来週の金融市場見通し(2016年12月12日~2016年12月16日)
■来週の見通し
欧州中央銀行(ECB)は、債券購入を来年末まで延長するとともに、来年4月以降の規模を月600億ユーロに減らすと発表しました。ドラギ総裁は、テーパリング(債券購入の段階的な縮小)ではないとしているものの、微妙な状況。ただ、国債などの購入対象を拡大し、購入額を減額したことから、長期にわたる債券購入を可能にした格好です。来週の米連邦公開市場委員会(FOMC)での利上げはほぼ織り込み済み。あわせて公表される政策金利見通しで来年以降の利上げ回数も確認したいところです。また、日銀短観では、想定為替レートが足元の水準を下回ると、企業業績への安心感が広がりそうです。
◆株価 : 上値を試す
週の前半はトランプ相場一服。イタリア国民投票での憲法改正否決、レンツィ首相の辞意表明の欧米市場への影響は限定的。米株が連日過去最高値を更新する中、 ECBが量的緩和政策の延長を決めたことも買い材料になり、日経平均株価は一時1万9,000円を回復しました。来週のFOMCでの米利上げは織り込み済みも、来年の利上げが意識されドル高が進行すると、さらに上値を試す動きも。ただ、短期的な過熱感には注意が必要。日銀短観も確認したいところです。
◆長期金利 : 一進一退
長期金利は、投資家のリスク選好の高まりを背景にやや軟調地合い。30年国債入札が弱めの結果になったことに加え、ECBが債券購入額を減額したことを受け、欧米金利が上昇し、国内の長期金利も一時0.06%まで上昇しました。もっとも、日銀のイールドカーブ・コントロール(長短金利操作)の下、30年債利回りなどに比べると、小幅な上昇にとどまりました。来週の米利上げは織り込み済みも、米長期金利が上ぶれると、国内の長期金利にも上昇圧力がかかる可能性があります。
◆為替 : FOMCにらみ
ドル円は114円を挟んだもみ合いとなっており、株式市場を横目にトランプ相場が一服した格好。株高や米長期金利の上昇に対する反応がやや鈍くなっています。来週のFOMCでの利上げは織り込み済みも、来年の利上げペースが速まるとの見方が広がると、一段高となる可能性も。9月時点のFOMC参加者の政策金利見通しでは、2017年は2回の利上げ見通し。市場は2回の利上げを完全には織り込んでいない状況。米小売売上高や米消費者物価指数なども確認したいところです。
■来週の注目点
米連邦公開市場委員会(FOMC) 12月15日(木)未明に発表
米連邦準備制度理事会(FRB)は今回、1年ぶりの利上げに踏み切る見込みです。
米国では7-9月期の国内総生産(GDP)が前期比年率3.2%増と、高めの成長率を示しました。また、11月の失業率は4.6%と、約9年ぶりの水準へ低下しました。
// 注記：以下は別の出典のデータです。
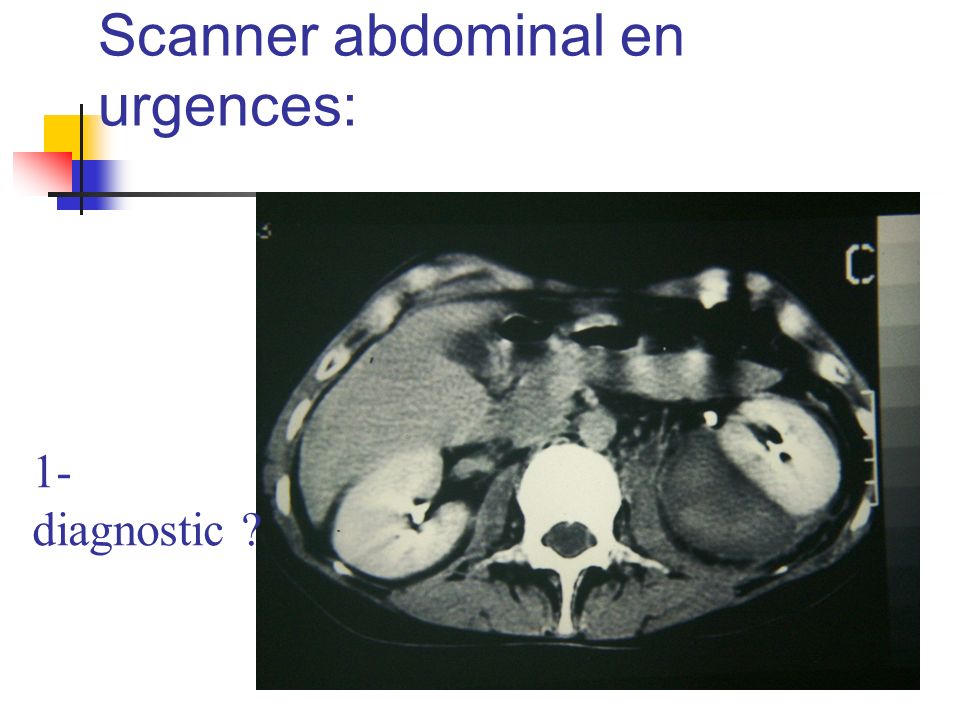 Scanner abdominal en urgences: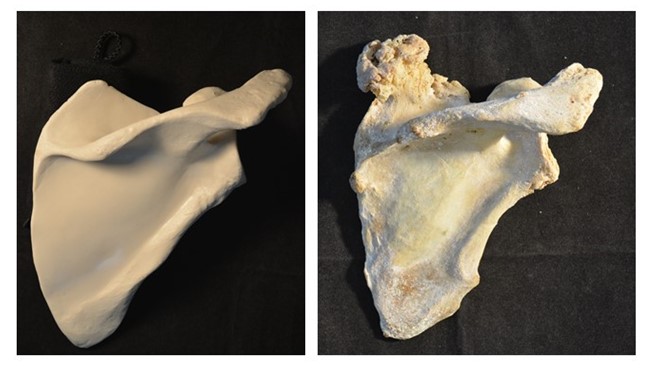 photograph of a bone with a large tumor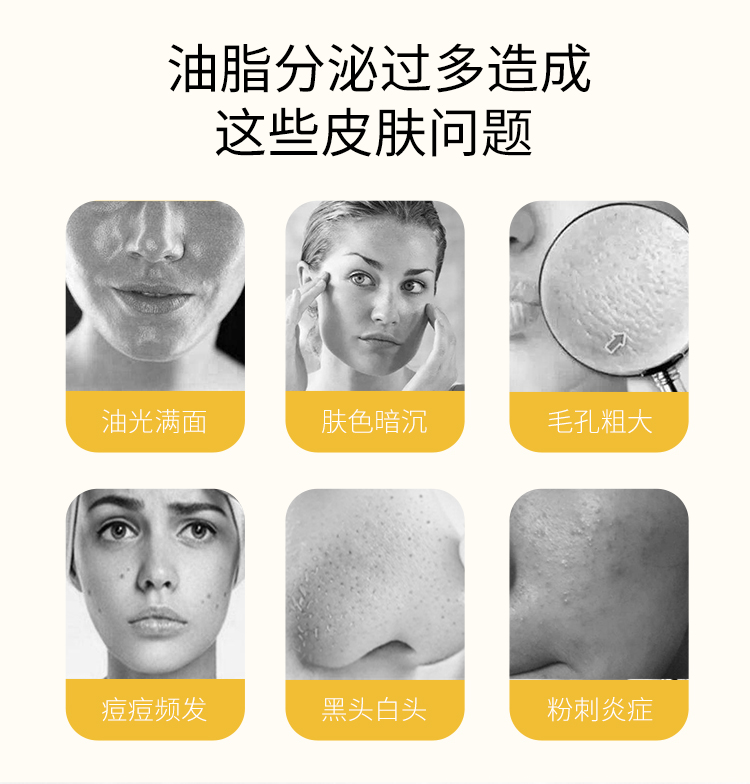 New Zealand Mystery Đá Bùn Núi Lửa Amino Acid Sữa Rửa Mặt Cho Nữ Làm Sạch Sâu Thu Nhỏ Lỗ Chân Lông Nam Kiểm soát dầu và Loại bỏ Mụn trứng cá Sinh viên sữa rửa mặt ngừa mụn
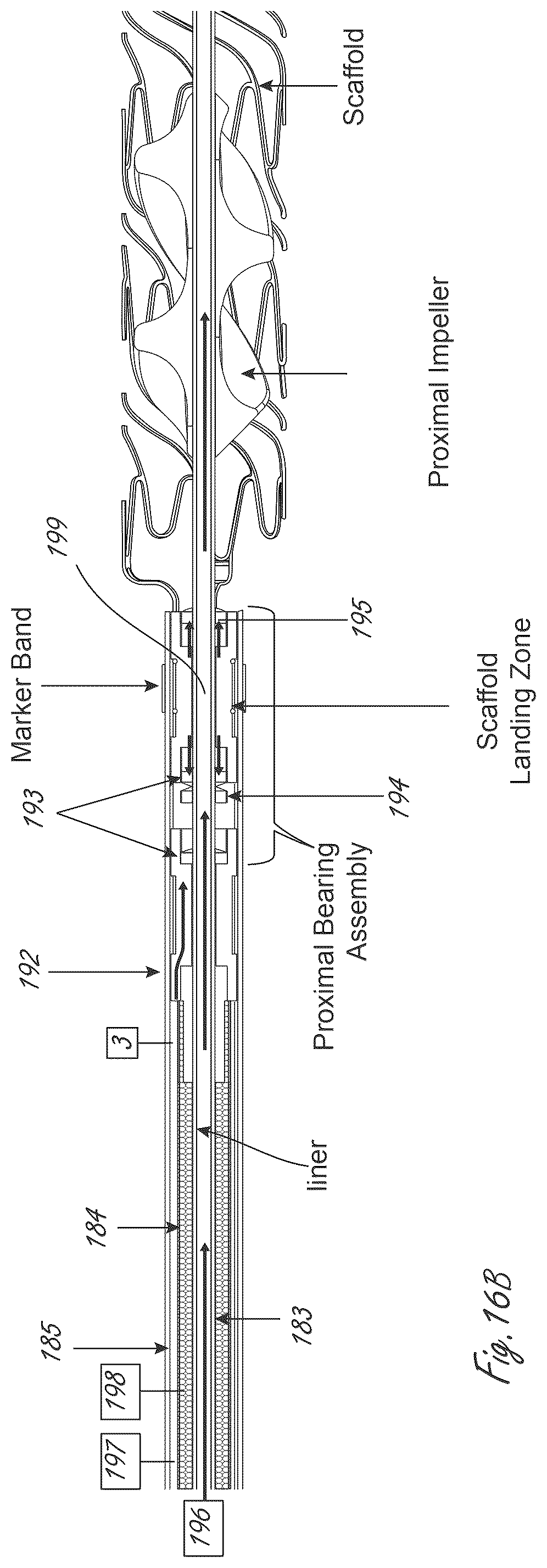 Patent US12599758 Figure 20 – Intravascular blood pumps, motors, and fluid control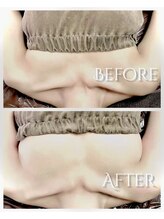 ミリノ(Mirino)/生体電流を整えバストアップへ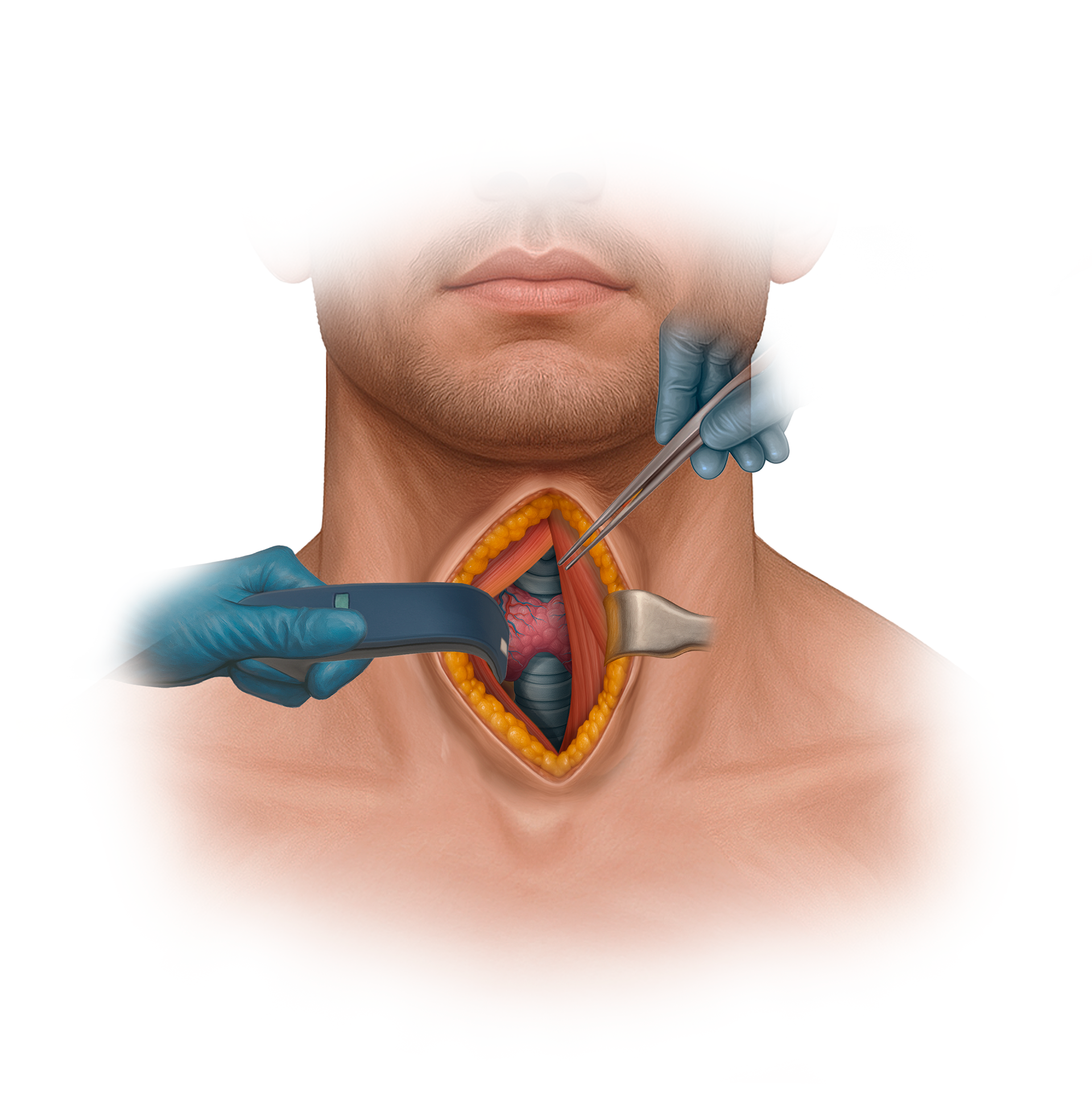 Thyroidectomy Procedure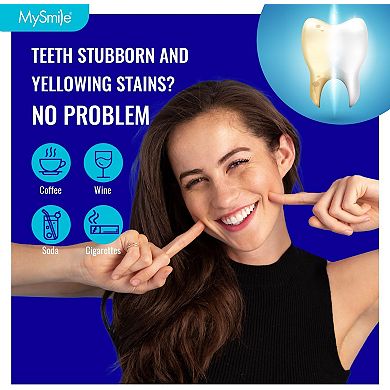 Prefilled Teeth Whitening Trays With 12% Hydrogen Peroxide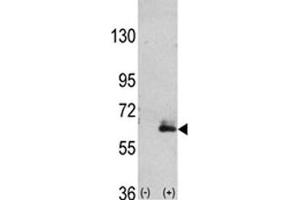 Western blot analysis of anti-MAP2 antibody and 293 cell lysate (2 ug/lane) either nontransfected (Lane 1) or transiently transfected with the hMAP2-Q425 gene (2). (MAP2 Antikörper  (AA 1766-1796))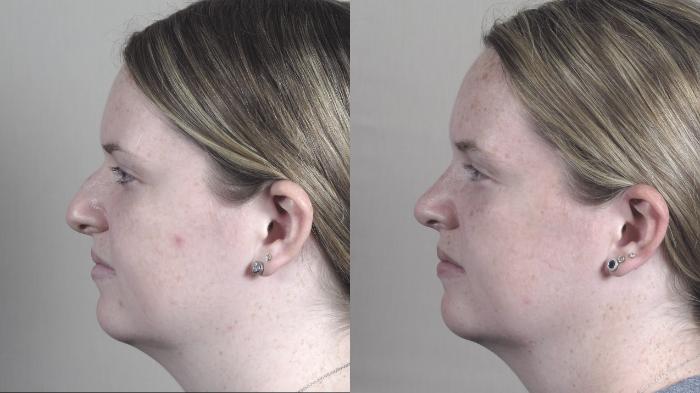Rhinoplasty Case 1445 Before & After Left Side | Paramus, New Jersey | Parker Center for Plastic Surgery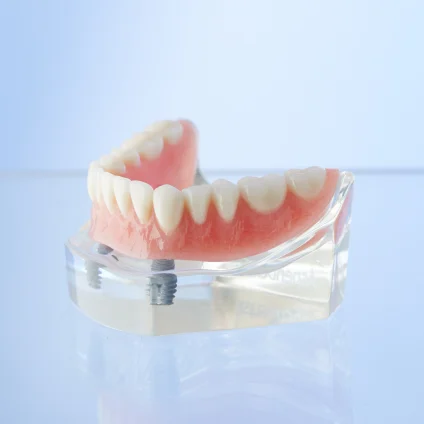Aspen Dental implant-supported dentures.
11月の大統領選では大方の予想に反しトランプ氏が勝利しましたが、同氏の主張する減税、インフラ投資、規制緩和などへの期待から、米国株は高値をつけています。これらより現在、利上げの障害は少ないとみられます。
注目されるのは来年の見通しですが、市場では、インフレ率の上昇により利上げペースが加速するとの見方もあります。ただ、次期政権下での経済政策の内容や効果は未だ不明確です。そのためFRBは今回、来年以降の経済見通しに関し、小幅な修正にとどめる可能性が高いとみられます。